(Bloomberg) -- Cisco Systems Inc. raised its offer for Massachusetts-based Acacia Communications Inc. by more than 70 percent to close a deal that its target tried to walk away from.
Acacia shareholders will get $115 a share in cash in the revised bid, for a total deal value of $4.5 billion, Cisco said in a statement Thursday. Acacia, which agreed to the revised proposal, rallied as much as 32 percent in New York trading Thursday. The companies aim to complete the deal by the end of the first quarter.
The new terms reflect the difficulties of trying do transactions that require approval in China and the surge in public market value of technology stocks. Approval from the largest market for semiconductors and many other types of electronic equipment has become a more difficult and time-consuming process during the outgoing U.S. administration’s trade war against China.

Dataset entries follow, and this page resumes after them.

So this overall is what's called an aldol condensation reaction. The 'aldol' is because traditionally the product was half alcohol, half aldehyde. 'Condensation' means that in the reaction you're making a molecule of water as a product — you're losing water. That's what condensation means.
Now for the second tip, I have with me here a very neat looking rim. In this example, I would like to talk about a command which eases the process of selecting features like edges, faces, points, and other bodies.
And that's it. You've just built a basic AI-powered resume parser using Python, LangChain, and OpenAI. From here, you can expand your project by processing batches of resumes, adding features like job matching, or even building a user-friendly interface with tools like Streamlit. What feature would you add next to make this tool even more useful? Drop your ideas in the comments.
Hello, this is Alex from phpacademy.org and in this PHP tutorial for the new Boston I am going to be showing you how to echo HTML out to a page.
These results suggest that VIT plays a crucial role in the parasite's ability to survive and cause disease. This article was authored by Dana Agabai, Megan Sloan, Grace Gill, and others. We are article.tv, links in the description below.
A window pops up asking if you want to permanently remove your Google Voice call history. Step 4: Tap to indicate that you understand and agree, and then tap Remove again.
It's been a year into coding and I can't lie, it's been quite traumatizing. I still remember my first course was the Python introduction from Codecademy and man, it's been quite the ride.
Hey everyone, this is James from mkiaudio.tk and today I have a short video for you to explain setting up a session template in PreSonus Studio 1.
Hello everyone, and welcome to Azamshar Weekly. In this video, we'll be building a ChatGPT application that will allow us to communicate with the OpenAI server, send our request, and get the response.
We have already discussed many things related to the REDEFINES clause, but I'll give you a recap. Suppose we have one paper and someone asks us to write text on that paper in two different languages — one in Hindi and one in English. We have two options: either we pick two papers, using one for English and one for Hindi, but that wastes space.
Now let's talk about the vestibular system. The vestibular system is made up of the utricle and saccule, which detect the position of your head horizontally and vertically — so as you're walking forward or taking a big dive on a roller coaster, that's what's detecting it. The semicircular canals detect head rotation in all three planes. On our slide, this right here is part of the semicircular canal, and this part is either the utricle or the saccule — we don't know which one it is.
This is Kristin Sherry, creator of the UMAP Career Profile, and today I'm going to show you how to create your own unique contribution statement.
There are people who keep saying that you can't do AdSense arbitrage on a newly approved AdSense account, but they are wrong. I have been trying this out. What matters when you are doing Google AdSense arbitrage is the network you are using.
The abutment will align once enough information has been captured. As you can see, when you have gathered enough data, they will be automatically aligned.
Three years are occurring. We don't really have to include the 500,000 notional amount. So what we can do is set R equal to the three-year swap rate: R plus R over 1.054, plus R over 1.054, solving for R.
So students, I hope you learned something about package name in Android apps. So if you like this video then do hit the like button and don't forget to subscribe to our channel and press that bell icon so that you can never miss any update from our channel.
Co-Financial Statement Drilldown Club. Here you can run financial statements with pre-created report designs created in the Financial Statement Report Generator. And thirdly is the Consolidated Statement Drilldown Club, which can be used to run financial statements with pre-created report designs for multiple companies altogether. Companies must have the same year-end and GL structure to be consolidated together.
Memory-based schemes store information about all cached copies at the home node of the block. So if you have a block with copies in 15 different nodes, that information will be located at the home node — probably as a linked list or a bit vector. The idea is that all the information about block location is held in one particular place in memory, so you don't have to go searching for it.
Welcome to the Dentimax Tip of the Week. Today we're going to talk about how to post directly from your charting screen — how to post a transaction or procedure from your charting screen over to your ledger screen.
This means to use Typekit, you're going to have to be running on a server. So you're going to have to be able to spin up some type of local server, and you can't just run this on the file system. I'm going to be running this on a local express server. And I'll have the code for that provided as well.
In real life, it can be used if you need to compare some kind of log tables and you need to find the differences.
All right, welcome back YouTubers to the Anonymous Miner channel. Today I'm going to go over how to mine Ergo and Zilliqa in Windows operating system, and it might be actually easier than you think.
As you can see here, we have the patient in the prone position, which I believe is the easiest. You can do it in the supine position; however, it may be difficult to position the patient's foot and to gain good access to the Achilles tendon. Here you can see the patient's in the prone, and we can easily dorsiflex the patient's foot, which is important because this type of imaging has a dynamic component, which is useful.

Networking equipment maker Cisco announced in July 2019 that it had reached a deal to acquire Acacia, an optical component maker, for about $2.6 billion, saying the merger would help it capture a bigger chunk of spending on 5G telecommunications networks. Last week Acacia said that it was terminating the agreement because Cisco didn’t receive Chinese regulatory approval within the time-frame of the merger agreement. Cisco disputed that saying that an email it got from China constituted approval and took legal action to enforce the terms of the deal.
Cisco’s move to renegotiate follows a similar tactic by Applied Materials Inc. which earlier this month said it raised its offer for KKR & Co.-owned Kokusai Electric Corp. by 59 percent, citing higher valuations in a growing industry. The deal also extended the target closing date to allow for regulatory approval from China, the final remaining jurisdiction where sign-off is needed.
Cisco shares were little changed at $45.35 in New York following the announcement. Acacia surged 32 percent to as much as $114.45.